PROVIDED DATA:
* * * *
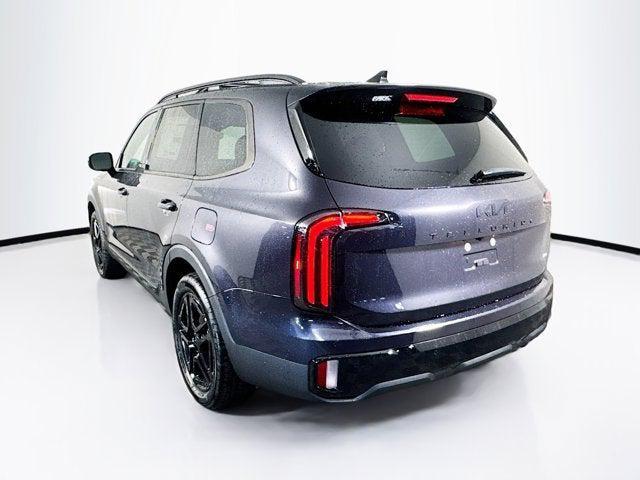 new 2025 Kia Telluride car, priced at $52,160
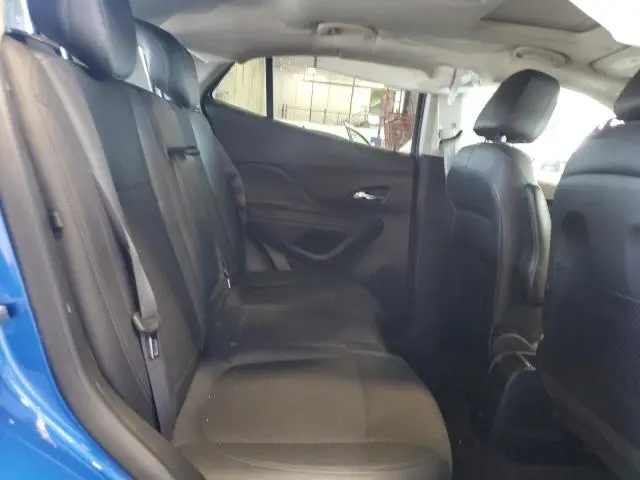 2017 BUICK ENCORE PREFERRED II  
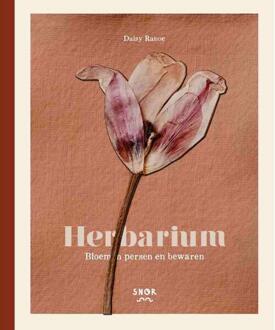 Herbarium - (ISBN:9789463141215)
* * * *
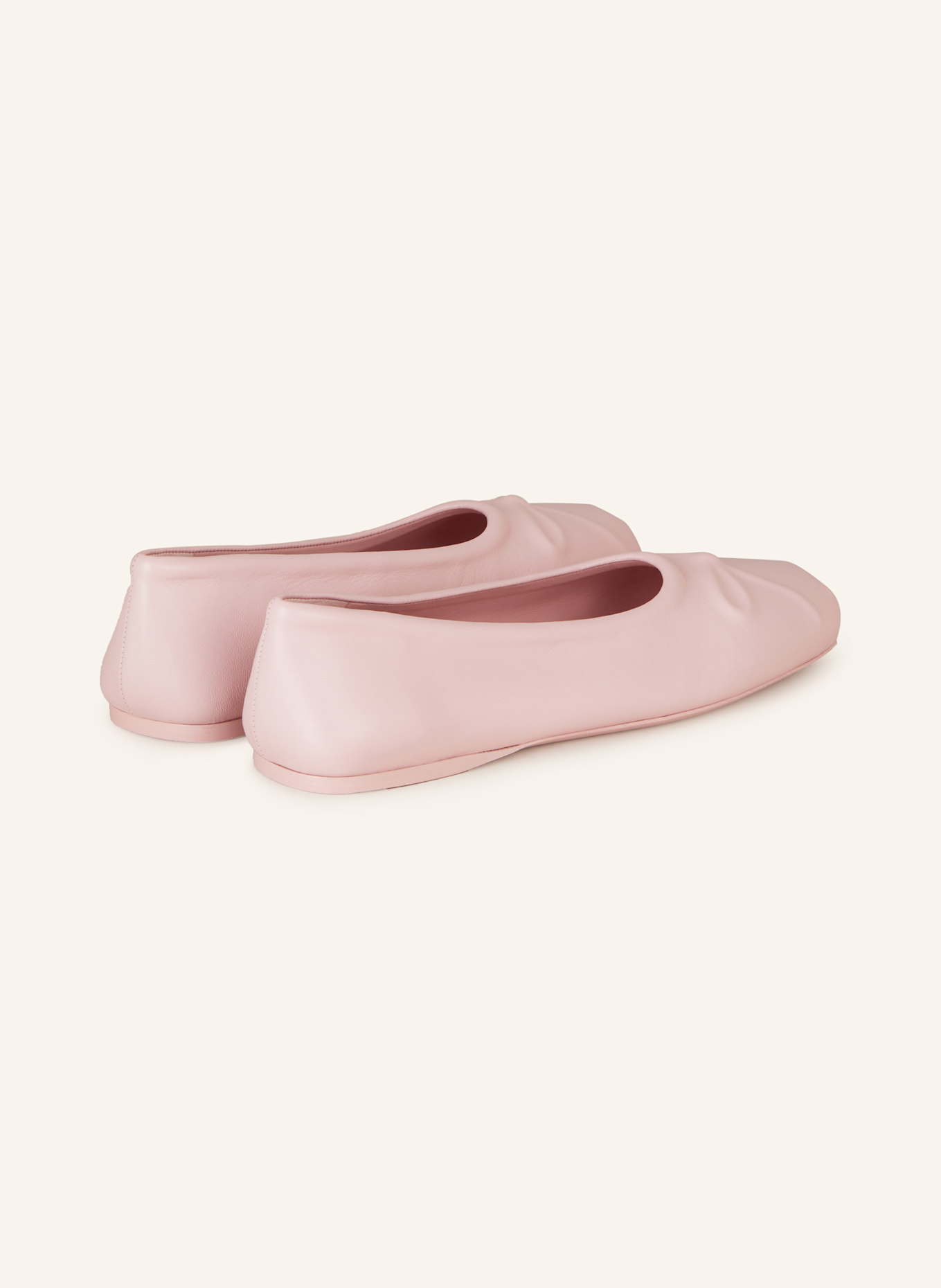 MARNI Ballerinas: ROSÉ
* * * *
Reproduce the entries exactly, from the line with "new 2025 Kia" to the line with "Herbarium - (ISBN:9789463141215)", both lines included, keeping no pictures.

 new 2025 Kia Telluride car, priced at $52,160
 2017 BUICK ENCORE PREFERRED II  
 Herbarium - (ISBN:9789463141215)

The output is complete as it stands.